Atribuímos os participantes a uma das três categorias diagnósticas com base em investigações clínicas, histológicas e microbiológicas. Tuberculose definida (cultura positiva em FNA/ tecido para M. tuberculosis OU AFBs identificados em FNA/tecido) Tuberculose provável (nenhum outro diagnóstico que explicaria a linfadenopatia com um ou mais de: caseação macroscópica em FNA/tecido OU tuberculose confirmada microbiologicamente em um local diferente do gânglio linfático (por exemplo, pulmonar) OU granulomas em FNA/tecido). A terceira categoria não era a tuberculose (não preenchia os critérios para as outras duas categorias). A precisão diagnóstica Ultra também foi relatada separadamente usando cultura positiva apenas como padrão de referência.

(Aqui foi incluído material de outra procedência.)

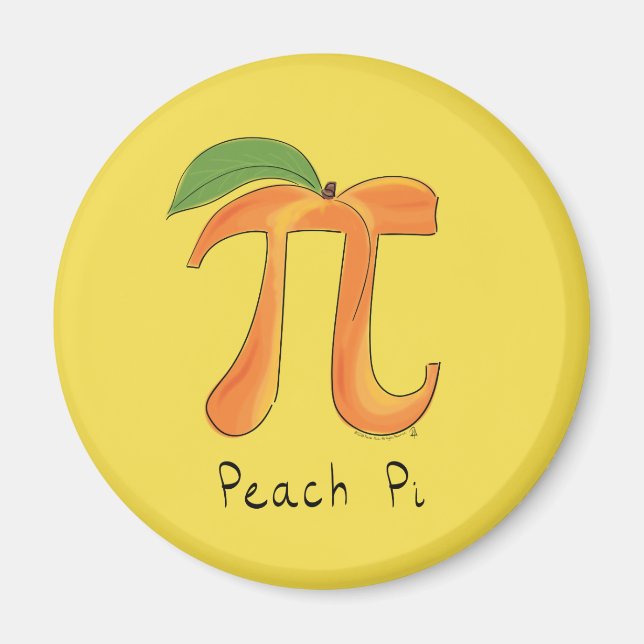 Íman Símbolo Engraçado Math Peach Pi (Frente)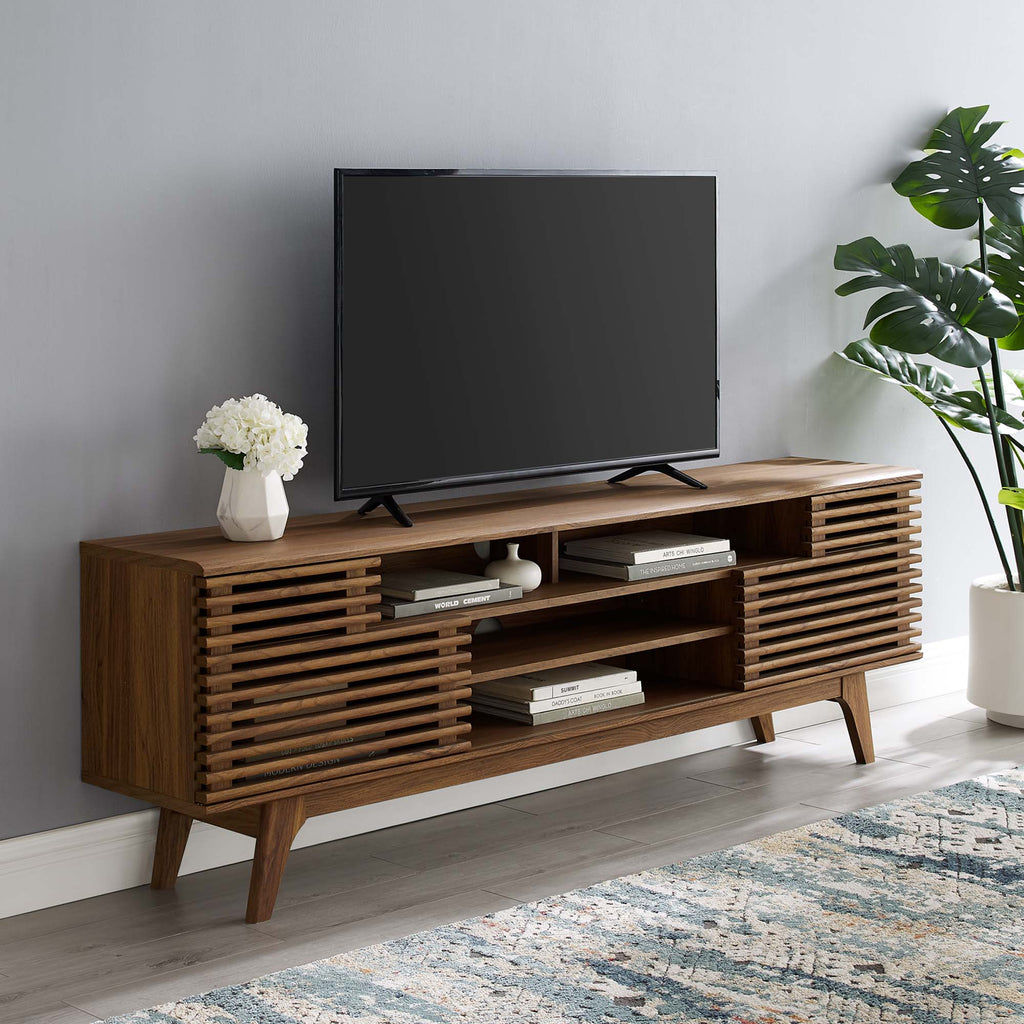Render 71" Media Console TV Stand | Oak &amp; Walnut Finish Options | Mid-Century Modern Entertainment Center | Smooth Wood Grain Laminate | Durable Particleboard and MDF Construction | Slatted Sliding Doors image 0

A estimativa do tamanho da amostra nos estudos de precisão diagnóstica depende da prevalência da doença . Esperávamos uma alta prevalência de tuberculose com base em um estudo piloto que realizamos de biópsia de agulha do núcleo em pacientes HIV positivos, 92% dos quais tinham linfadenite tuberculosa, mas a proporção de pacientes com tuberculose em nosso estudo foi menor do que o esperado (40%) em uma fase piloto de nosso estudo. Estimamos que a sensibilidade e especificidade do Ultra seria de cerca de 90% com base na meta-análise da Cochrane. Com uma prevalência de 40% de tuberculose, é necessário um tamanho de amostra de 87 para 95% de largura de IC de 10% e com sensibilidade e especificidade de 90% . Inflamos o tamanho da amostra para 100 por causa das incertezas sobre a precisão diagnóstica do Ultra.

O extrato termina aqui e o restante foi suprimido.